Exercise description
Copy everything in the data below exactly except the pictures.

Supplied material

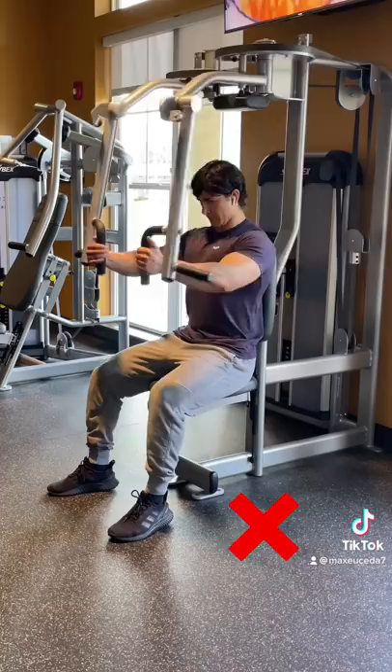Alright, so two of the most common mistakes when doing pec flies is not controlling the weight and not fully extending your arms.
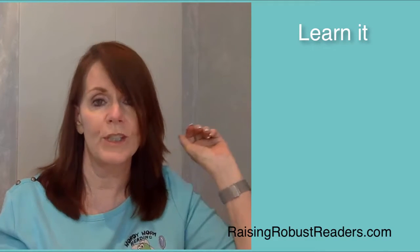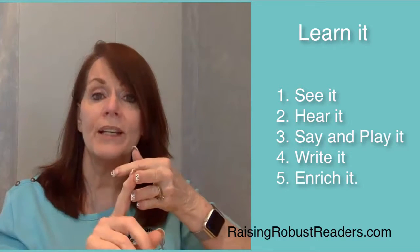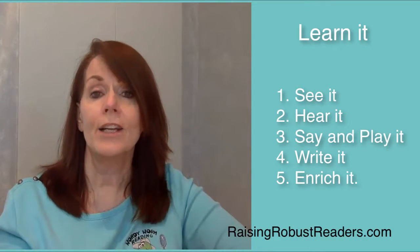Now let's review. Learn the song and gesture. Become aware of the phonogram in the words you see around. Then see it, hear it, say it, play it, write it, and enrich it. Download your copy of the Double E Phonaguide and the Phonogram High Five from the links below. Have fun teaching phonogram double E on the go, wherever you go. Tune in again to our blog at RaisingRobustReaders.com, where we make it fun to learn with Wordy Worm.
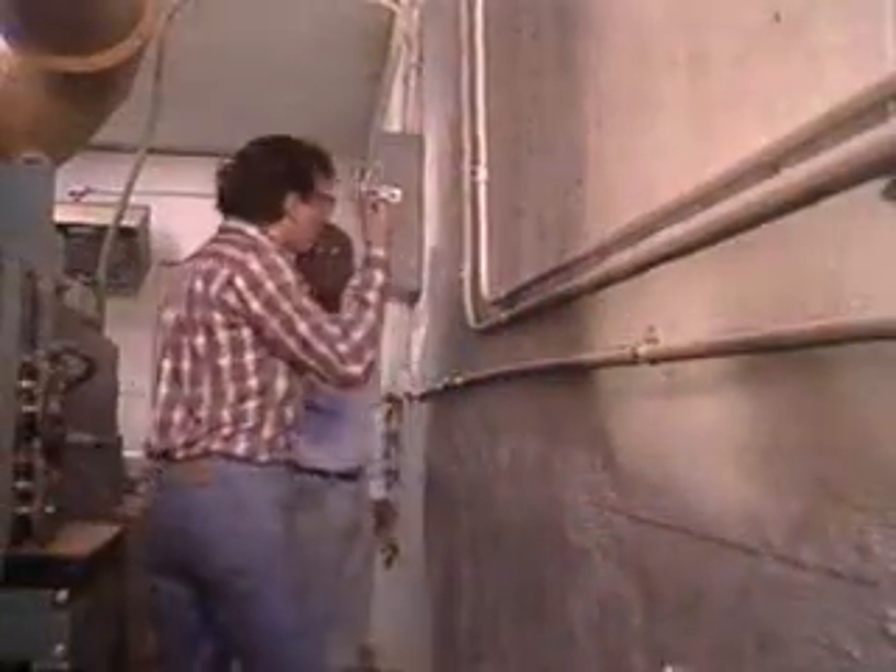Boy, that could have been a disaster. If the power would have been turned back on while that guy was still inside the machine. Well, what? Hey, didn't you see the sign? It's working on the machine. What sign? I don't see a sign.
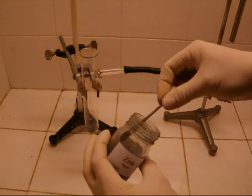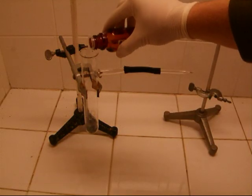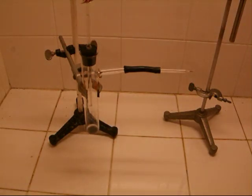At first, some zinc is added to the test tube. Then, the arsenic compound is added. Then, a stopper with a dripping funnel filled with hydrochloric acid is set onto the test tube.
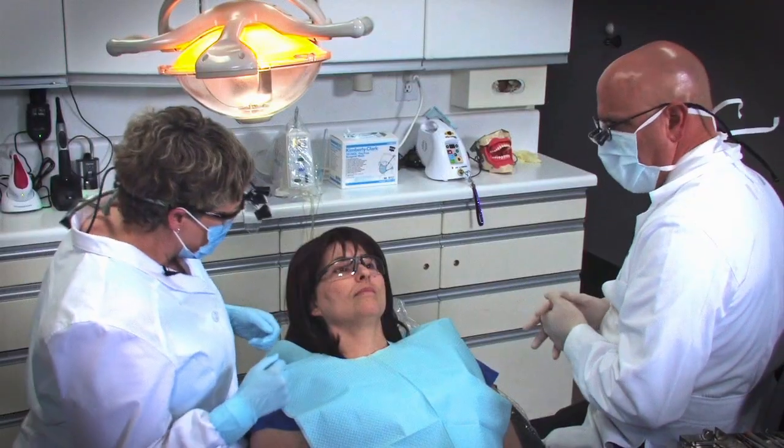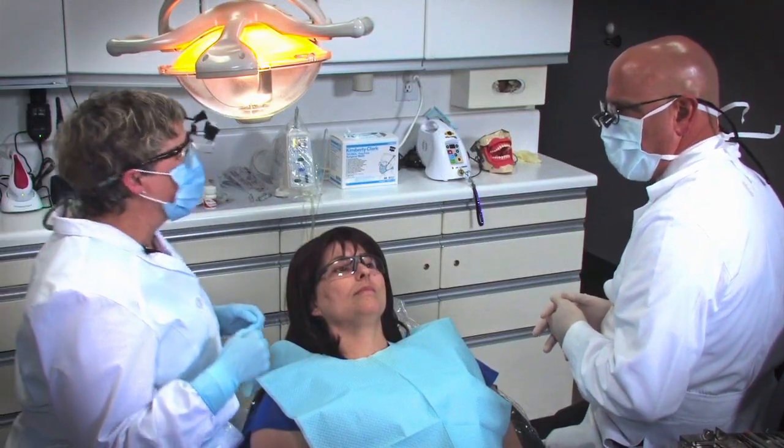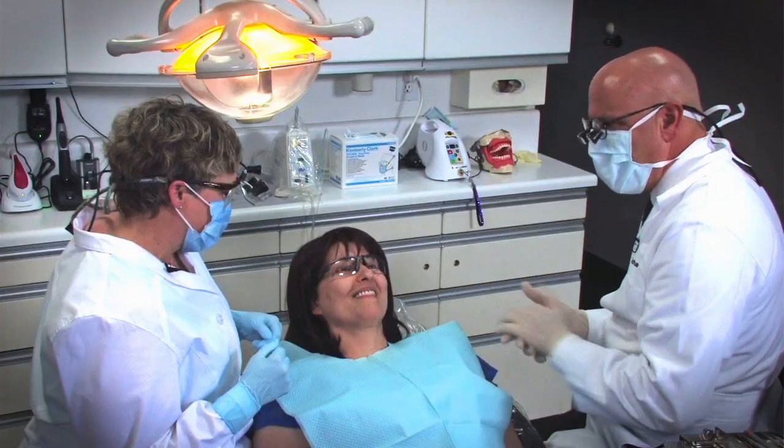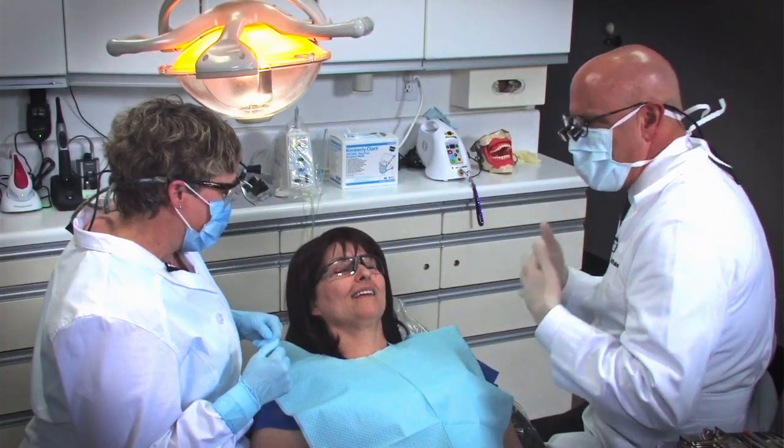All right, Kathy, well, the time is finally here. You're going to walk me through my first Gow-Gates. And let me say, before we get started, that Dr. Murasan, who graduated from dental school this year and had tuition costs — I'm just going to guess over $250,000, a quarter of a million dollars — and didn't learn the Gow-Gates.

Solution
Alright, so two of the most common mistakes when doing pec flies is not controlling the weight and not fully extending your arms.
Now let's review. Learn the song and gesture. Become aware of the phonogram in the words you see around. Then see it, hear it, say it, play it, write it, and enrich it. Download your copy of the Double E Phonaguide and the Phonogram High Five from the links below. Have fun teaching phonogram double E on the go, wherever you go. Tune in again to our blog at RaisingRobustReaders.com, where we make it fun to learn with Wordy Worm.
Boy, that could have been a disaster. If the power would have been turned back on while that guy was still inside the machine. Well, what? Hey, didn't you see the sign? It's working on the machine. What sign? I don't see a sign.
At first, some zinc is added to the test tube. Then, the arsenic compound is added. Then, a stopper with a dripping funnel filled with hydrochloric acid is set onto the test tube.
All right, Kathy, well, the time is finally here. You're going to walk me through my first Gow-Gates. And let me say, before we get started, that Dr. Murasan, who graduated from dental school this year and had tuition costs — I'm just going to guess over $250,000, a quarter of a million dollars — and didn't learn the Gow-Gates.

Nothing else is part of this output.